For those precious few of you who are reading this and don't know--I know I'm preaching to the built-in choir here, but there's always a few who may be a little unclear, vauge or just got the wrong address.

"THE WIZARD" isn't any moniker or fun new twist on the classic story of a little girl from Kansas who gets caught in a tornado and finds herself not only over the rainbow, but in a wonderland of technocolor and strange characters.

Well, at least not exactly.

This "Wizard" dealt with kids in peril, feeling trapped in where they were. Video games were their outlet. One boy so disturbed, he had become mute and later committed after witnessing the death of his sister. The older brothers living with the father after the divorce. When a child is lost, a family is too.

"The Wizard" open with a small, determined soul walking along a long stretch of road in the pursuit of something. Some goal, some destination. Some form of escape.

There's something... he's looking for. He's on his way... somewhere. Somewhere special, somewhere important. Somewhere he needs to be. It fades in like a sunrise... where is he going? We don't know. We don't even know who he is, but we want to go with him. This boy's name is Jimmy. And he has a goal. He tells us, "California..."

Jimmy is in an institution and has been ever since he lost his sister. Yet he seems to break loose again and again like the family cat. Is there some unlocked door sans security at this loony hatch?

One day during a visit, big brother Corey takes little Jimmy and the two break loose--together. At an arcade, Corey first-hand witnesses Jimmy is Bobby Fisher's unacknowleged love child at Nintendo. They use his skills to play for money. And because it's a road trip movie, they have to pick up a woman along the way.

It's a PG flick for little kids (once again, Nintendo fans), so it has to a preteen like them--and they have to be just friend. Her name is Haley, an adolescent drifter. She claims to know the score... and she can raise the money to get them where they need to go.

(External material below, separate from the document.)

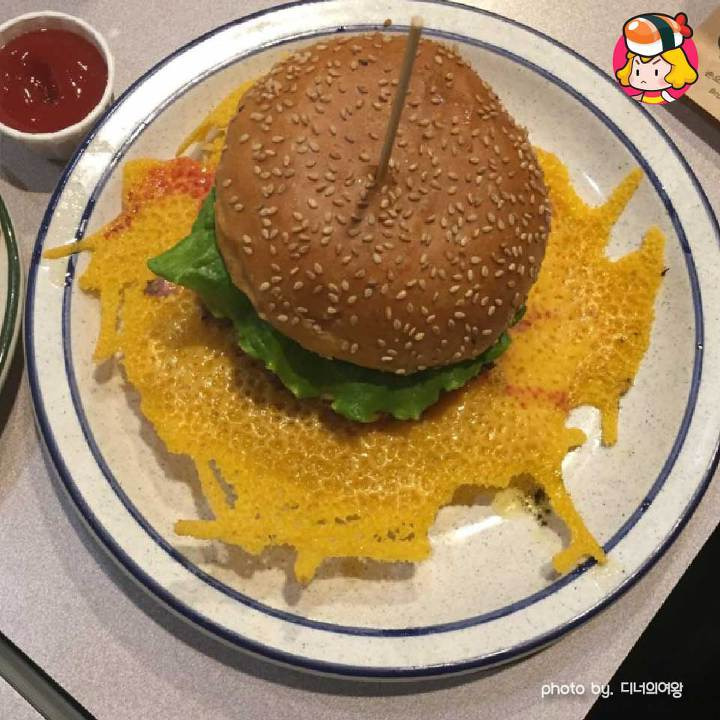 전지적참견시점 이영자 맛집리스트 | 인스티즈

They're hard-up for money. But Halley is one sizzling hustler. Wait 'til she's old enough to develop sex appeal to add to the mix. Looking back on all this, I was expecting Halley to try raising money by "tit-for-tat." You give us a ride, and I'll give you..."

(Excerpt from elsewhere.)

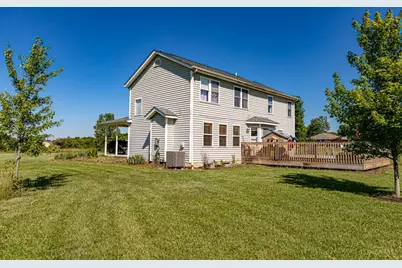 1858 Reily Woods Lane, Reily Township, OH 45056 - Photo 38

It was my mother who recalled that old song from the "He's A Pinball Wizard" by The Who and suggested, well.. maybe that's where the movie got its namesake. The catchy little pop ditty of some soul who had nothing else in his life but was a wonder at that one arcade game. It was his world. Whoever he was.

Well, if anyone could relate to that....

'Would've liked to hear that on the soundtrack at maybe some point.

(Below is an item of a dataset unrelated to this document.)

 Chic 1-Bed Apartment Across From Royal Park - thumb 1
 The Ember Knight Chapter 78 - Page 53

A lot of the world said that the "Wizard" is stuffed to the gills with commercials. But no, they were wrong.

"The Wizard" WAS a commercial. For Nintendo and the Universal Studios Tour.

If we'd gotten some scenes where we see Jimmy's connection to these games, how he becomes Zen with them, there might have actually been some real significance. We're just watching video games being played. And... that's all we as kids wanted when this thing came out.

Not so see a really poweful piece of cinema, but to just see kids like us running loose without parental supervision and Nintendo being our outlet source of rebellion. Children as resourceful as can be doing incredible things with the toys we played with and loved.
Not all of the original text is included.